We will download two CSV files from http://data.un.org/Explorer.aspx

In the Energy Statistics Database download Solar Electricity and Wind Electricity by clicking on "View Data" and then on that page click "download", and under "value separated" choose "comma".

But first, we need to create a new database in Postgres:

create database undata;

Then we can add some tables, one for solar and one for wind.

Here is the process for "solar" (please follow the same process for "wind")

The file you download will be called something like: UNdata_Export_20211104_043926118.zip

Unzip the file, and rename it something readable, like "UN_solar.csv"

Put that file in a folder on your computer (not in a remote/cloud drive, but in the computer itself). Make sure there are no spaces in the name of the folders it is in.

Maybe open the file in Excel in order to read the column names and see what kind of data is in each column. (Make sure you never save the file while in Excel--even if you made no changes, Excel may still add invisible and additional characters that will make the file unreadable in the terminal.)

Based on the columns write a CREATE TABLE statement that contains columns and datatypes for each column. For example:

CREATE TABLE solar (
  country varchar(80),
  type varchar(80),
  year int,
  unit varchar(80),
  usage double precision,
  notes varchar(80)
);

Once you successfully created the table in PostgreSQL, you need to prep this CSV for processing.

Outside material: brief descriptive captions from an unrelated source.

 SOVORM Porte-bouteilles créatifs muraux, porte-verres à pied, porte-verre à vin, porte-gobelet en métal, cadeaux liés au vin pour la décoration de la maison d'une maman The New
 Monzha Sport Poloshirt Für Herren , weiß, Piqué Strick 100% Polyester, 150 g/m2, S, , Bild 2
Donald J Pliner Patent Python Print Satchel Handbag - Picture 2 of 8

Again, make sure that you have not saved the document in Excel. Open the document in a text editor that does not add invisible characters. These include visual studio, sublimetext, bbedit, atom and others -- don't use the text editor that is preinstalled on your computer. Make sure it is made for development/programming.

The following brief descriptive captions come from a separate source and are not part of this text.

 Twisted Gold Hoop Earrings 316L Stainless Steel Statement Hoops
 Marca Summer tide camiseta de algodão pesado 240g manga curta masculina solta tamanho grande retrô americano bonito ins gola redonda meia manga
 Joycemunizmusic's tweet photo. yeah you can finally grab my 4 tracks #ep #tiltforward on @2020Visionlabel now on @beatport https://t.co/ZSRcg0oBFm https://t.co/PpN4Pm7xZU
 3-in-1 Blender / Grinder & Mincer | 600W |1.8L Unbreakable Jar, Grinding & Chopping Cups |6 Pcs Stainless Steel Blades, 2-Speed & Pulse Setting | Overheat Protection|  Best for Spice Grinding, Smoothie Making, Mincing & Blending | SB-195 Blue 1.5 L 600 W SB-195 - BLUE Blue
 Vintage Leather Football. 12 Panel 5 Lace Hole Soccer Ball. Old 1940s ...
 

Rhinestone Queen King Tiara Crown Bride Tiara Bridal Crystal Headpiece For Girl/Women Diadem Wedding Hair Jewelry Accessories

Once you have found the proper text editor, open up the CSV file and delete the header, then scroll down to the bottom and delete any footers (lines that come after the rows). So your entire document should consistently look like this:

"Afghanistan","Electricity - total solar production","2021","Kilowatt-hours, million","32","1"
"Afghanistan","Electricity - total solar production","2020","Kilowatt-hours, million","31.93",""
"Afghanistan","Electricity - total solar production","2019","Kilowatt-hours, million","20.77",""
"Albania","Electricity - total solar production","2021","Kilowatt-hours, million","40.756",""
"Albania","Electricity - total solar production","2020","Kilowatt-hours, million","32.26",""
"Albania","Electricity - total solar production","2019","Kilowatt-hours, million","22.196",""
...
...
"Zambia","Electricity - total solar production","2021","Kilowatt-hours, million","147.661",""
"Zambia","Electricity - total solar production","2020","Kilowatt-hours, million","150.156",""
"Zambia","Electricity - total solar production","2019","Kilowatt-hours, million","117.51",""
"Zambia","Electricity - total solar production","2018","Kilowatt-hours, million","1.32",""
"Zambia","Electricity - total solar production","2017","Kilowatt-hours, million","0.163",""
"Zambia","Electricity - total solar production","2016","Kilowatt-hours, million","0.163",""
"Zimbabwe","Electricity - total solar production","2020","Kilowatt-hours, million","24.4",""

Make sure there are no empty lines at the end or at the beginning. Once that is prepped, save the file and close it.

Now you can run the copy command:

\copy [tablename] from [pathname] delimiter ',' csv

or, more specifically:

\copy solar from /Users/Jon/Documents/columbia_syllabus/undata-class/testing.csv delimiter ',' csv

Make sure that the full path you use has no spaces in it, and that it ends with .csv

If this worked you will get a message like this

COPY 2541

In which 2541 is the number of rows that were copied into the table!